### The problem:
Lines from the one containing "12 Colors Skin" through the end of the material are to be retyped exactly; do not copy pictures.

### Information provided:
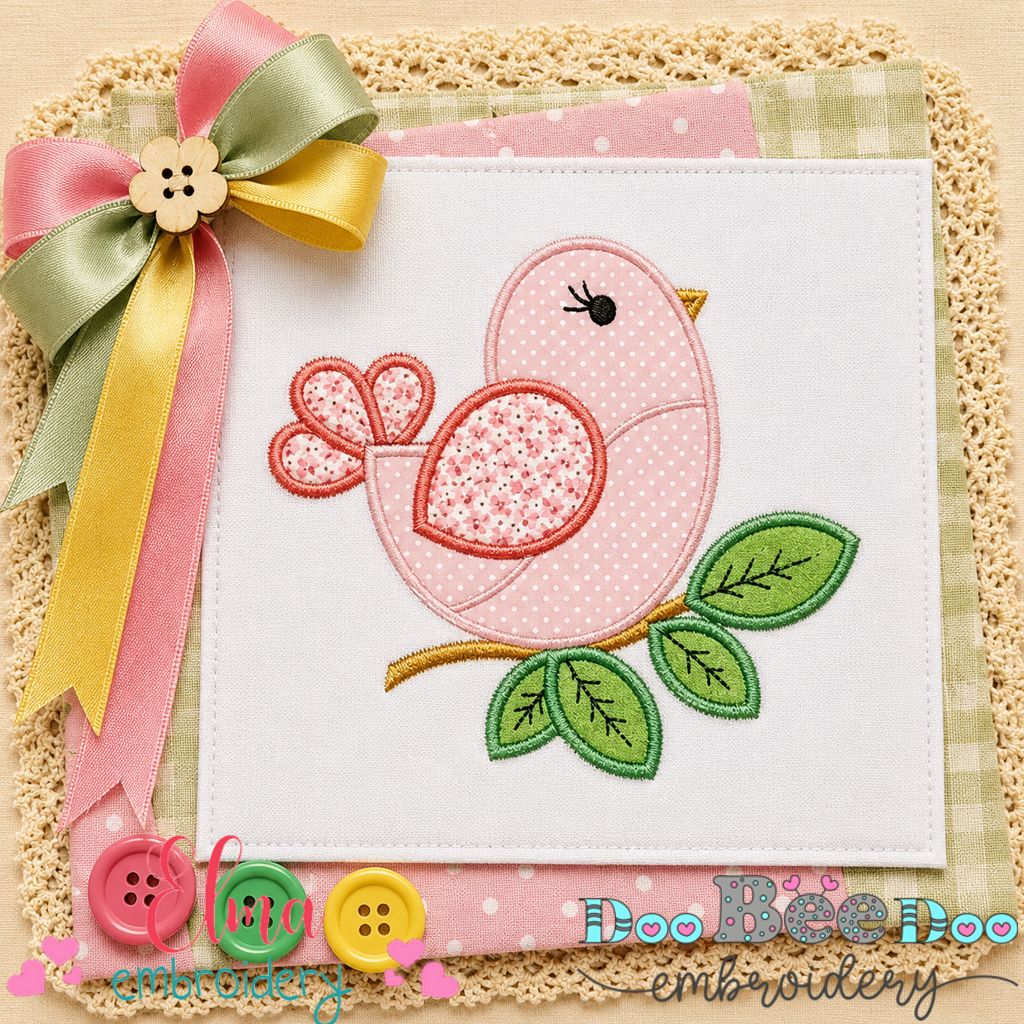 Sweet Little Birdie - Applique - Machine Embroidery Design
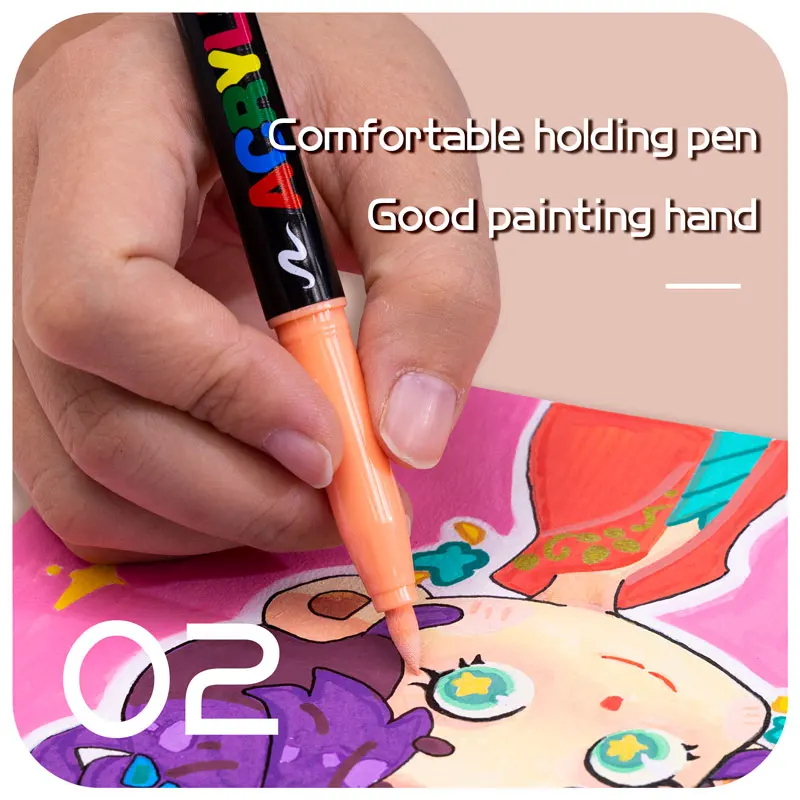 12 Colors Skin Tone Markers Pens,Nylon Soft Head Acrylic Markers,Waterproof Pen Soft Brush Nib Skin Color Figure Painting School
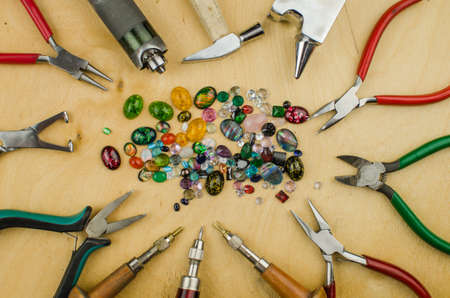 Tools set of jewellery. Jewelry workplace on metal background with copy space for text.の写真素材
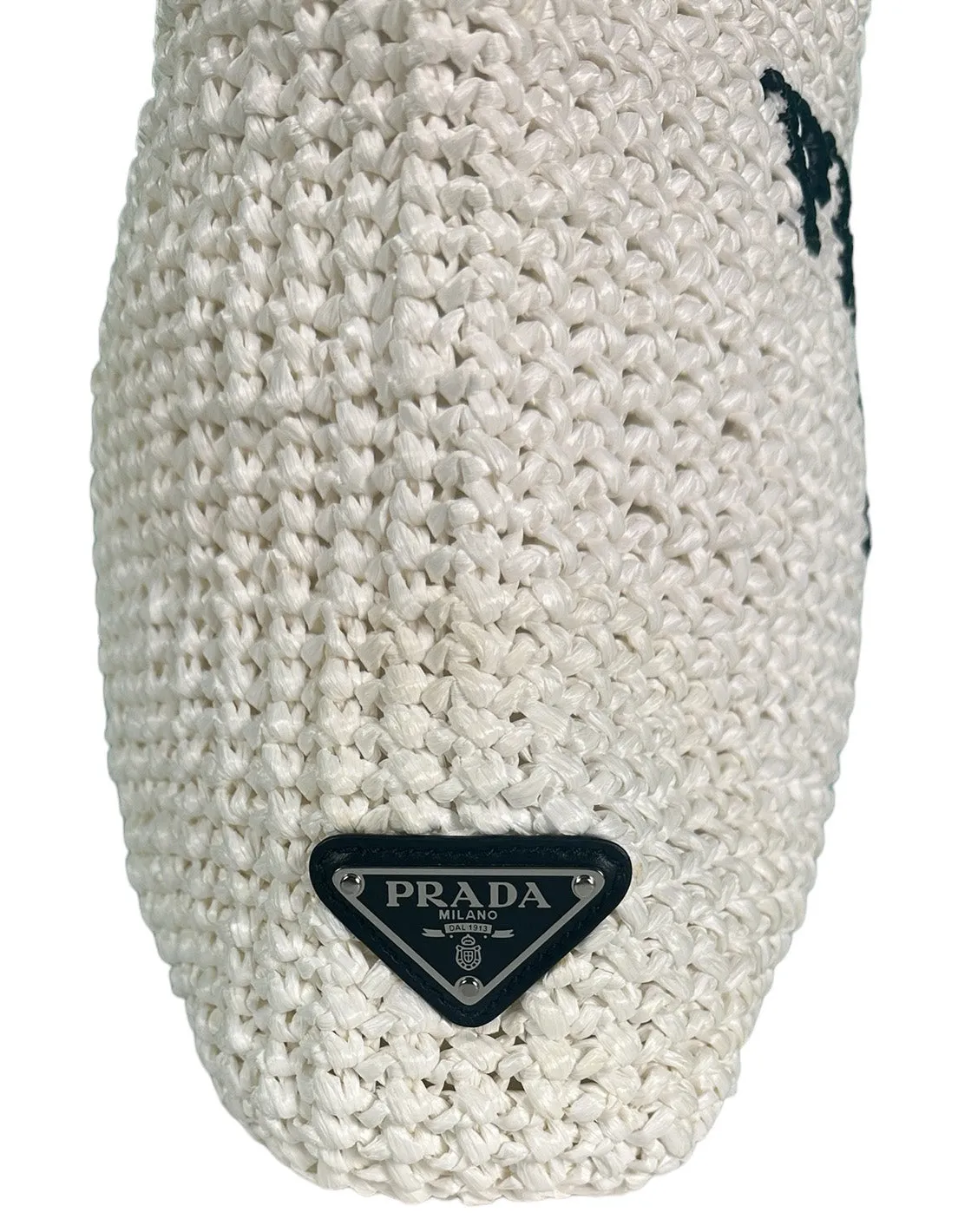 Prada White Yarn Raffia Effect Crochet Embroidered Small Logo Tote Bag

### Written reply:
 12 Colors Skin Tone Markers Pens,Nylon Soft Head Acrylic Markers,Waterproof Pen Soft Brush Nib Skin Color Figure Painting School
 Tools set of jewellery. Jewelry workplace on metal background with copy space for text.の写真素材
 Prada White Yarn Raffia Effect Crochet Embroidered Small Logo Tote Bag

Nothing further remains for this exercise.